There is an interesting link between democracy and the environment that I have never seen before. The principle of voting is to gain a voice and advocate for your own gains in the government, but what we often forget about are the people and things that do not gain a voice. The issue of global warming is becoming more and more recognized today in society. There needs to be a defense of the environment, and if this does not happen, not only will the environment break down, society will too. One important reason to oppose the destructive extracting industries that harm the environment is the effect that it has on the poor in Latin America. A diminishing environment can result in a loss of jobs (fishing and tourism) and food and water drought. But it is contradictory because these industries also provide jobs. I consider myself a strong advocate for the environment but I have never thought about it in this way: quite eye-opening!
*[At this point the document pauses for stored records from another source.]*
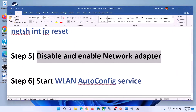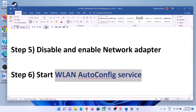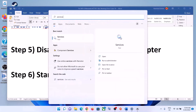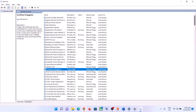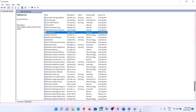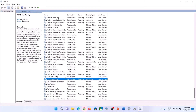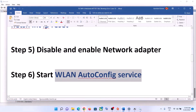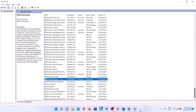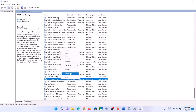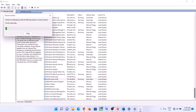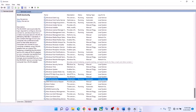The next step is to start the WLAN AutoConfig service. Type Services in the Windows search box. Find WLAN AutoConfig in the list and double-click on it. Set the startup type to Automatic, click Apply, click Start if highlighted, then click OK. Right-click on it and click Restart, then try to connect to your Wi-Fi.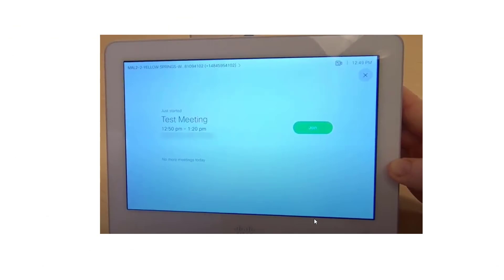Here is our endpoint with the meeting information displayed and the big green Join button. All you have to do is click that green button and you become part of the meeting. It's that easy to join any meeting from anywhere using any endpoint with Cisco WebEx one button to push.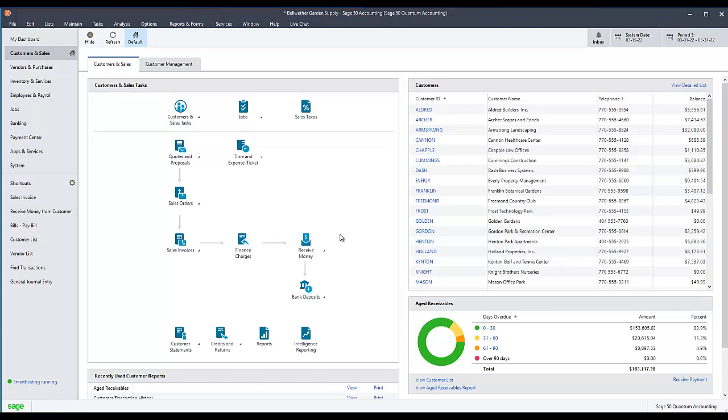Sage 50 allows you to assign different types for customer, vendor, employee, inventory item, and job maintenance records.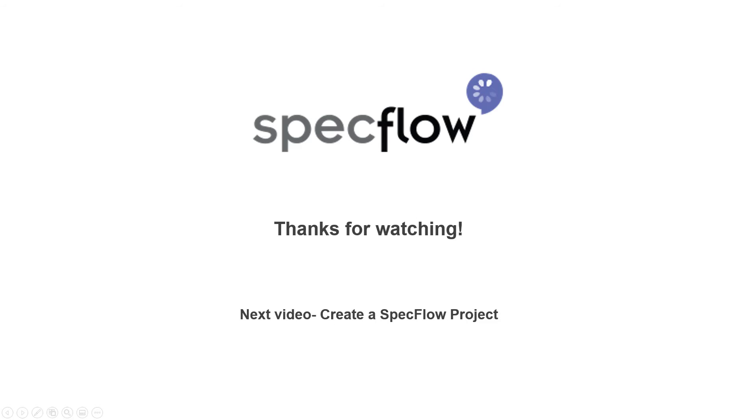The calculator application is now built. In the next step, you will learn how to create a SpecFlow project. Once again, thanks for watching and I'll see you in the next one.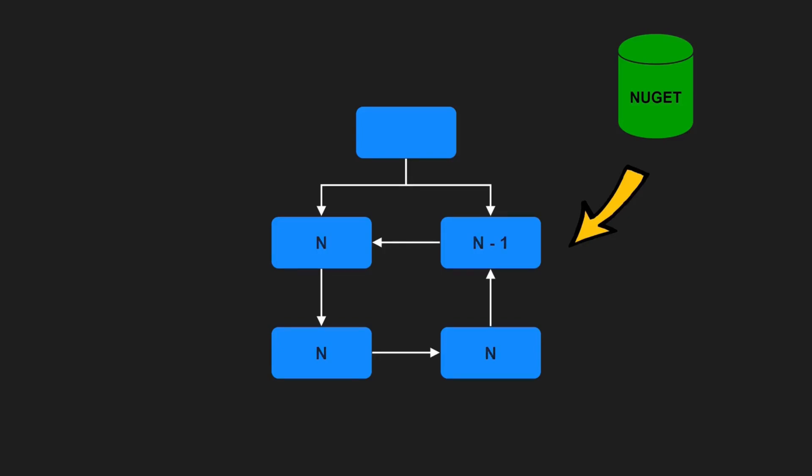So why is this a problem? The obvious issue is to determine the correct build order to achieve consistency in your application. In the case of a directed acyclic dependency graph, this is a simple task. The components are built in the reverse order of the graph. But where is the beginning of a cycle? These thoughts lead to the second problem. Component dependency graphs with cycles are much harder to understand, especially when analyzing the possible impact of changes.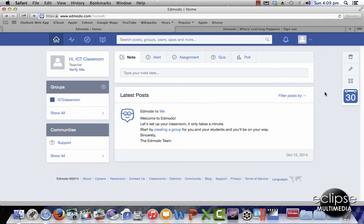Hi, my name is Mike and welcome to this tutorial on Edmodo. In this tutorial I'm going to show you how to create a student account and a group.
There are a couple of concepts that I am still unsure about and I hope to clarify during class. I don’t understand the concept of neoliberalism and whether it is associated with the right or left wing. It’s also still a bit unclear of what the right and left wing are and who benefits from each of their policies and the term “injunction”.
We live in a world that large companies seem to have more rights than the people and the environment. It is amazing that Chevron was able to “shop around” for a favourable ruling. Our courts are not, and never have been witnesses of justice.
Max Cameron made an interesting point about the condition of middle class workers in Brazil but I think it reflects most leftist governments. He points out that these governments preserve the upper class while making the lowest class better off. This leaves the middle class frustrated. In American politics middle class republicans feel this same distress in that they feel that they shouldn’t be taxed more to give benefits to the poor. It is interesting how these ideas intersect across the Americas.
I also found his comments on Morales’ Bolivia very interesting because I have never heard him portrayed in such a positive light. I have learned about Evo’s government from the perspective of an upper-middle class Bolivian who strongly opposes his radical reforms. Now after this chapter I understand why she has this perspective.